Chiral Determinant Formulae and Subsingular Vectors for the N=2 Superconformal Algebras

TL;DR

This paper derives conjectural determinant formulas for various N=2 superconformal algebras, analyzing singular and subsingular vectors to deepen understanding of their structure and symmetries.

Contribution

It introduces new conjectures for N=2 superconformal algebra determinant formulas and uncovers subsingular vectors through spectral flow analysis and computational checks.

Findings

Derived conjectures for N=2 algebra determinant formulas

Identified subsingular vectors in the algebras

Analyzed spectral flow symmetries and singular vectors

Abstract

We derive conjectures for the N=2 "chiral" determinant formulae of the Topological algebra, the Antiperiodic NS algebra, and the Periodic R algebra, corresponding to incomplete Verma modules built on chiral topological primaries, chiral and antichiral NS primaries, and Ramond ground states, respectively.

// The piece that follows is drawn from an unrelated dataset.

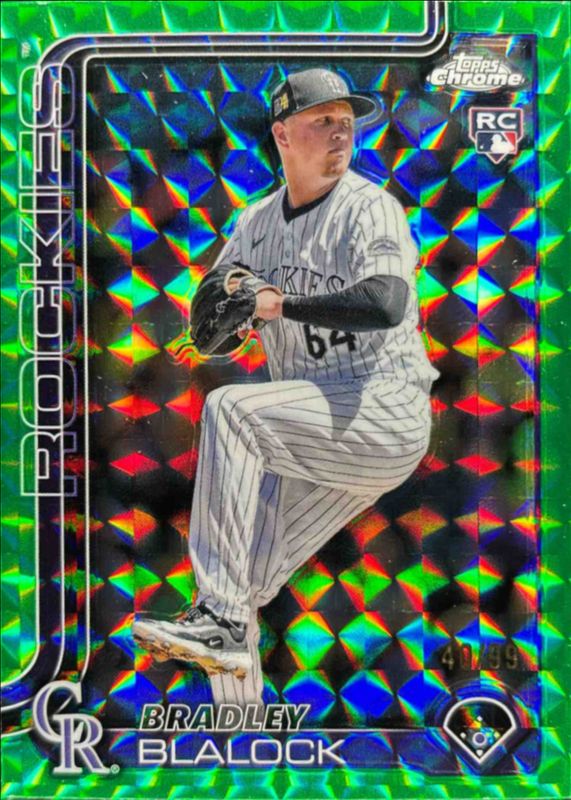 Bradley Blalock 2025 Topps Chrome #289 Green Geometric Refractor /99 Rookie RAW
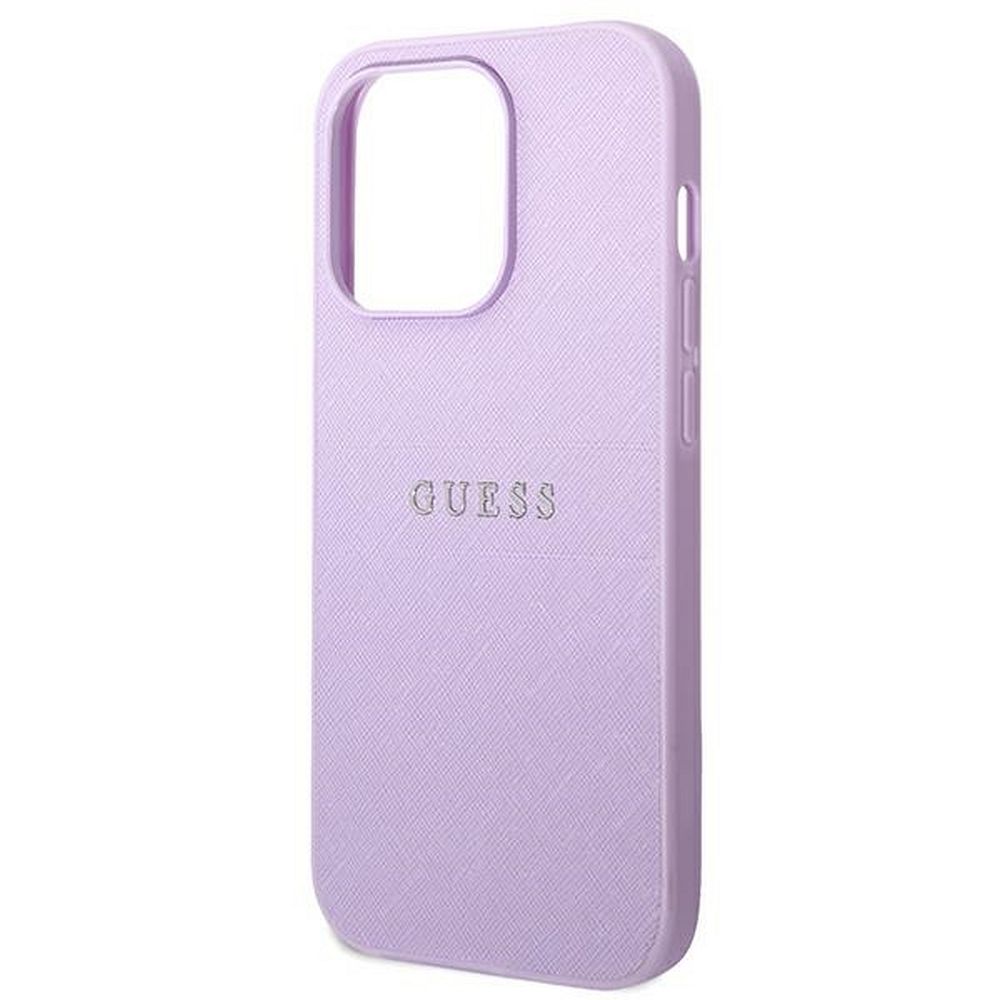 Originales GUESS Case GUHCP14LPSASBPU für iPhone 14 PRO (Saffiano mit Metall-Logo / Lila) – Bild 7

Our method is based on the analysis of the singular vectors in chiral Verma modules and their spectral flow symmetries, together with some computer exploration and some consistency checks. In addition, and as a consequence, we uncover the existence of subsingular vectors in these algebras, giving examples (subsingular vectors are non-highest-weight null vectors which are not descendants of any highest-weight singular vectors).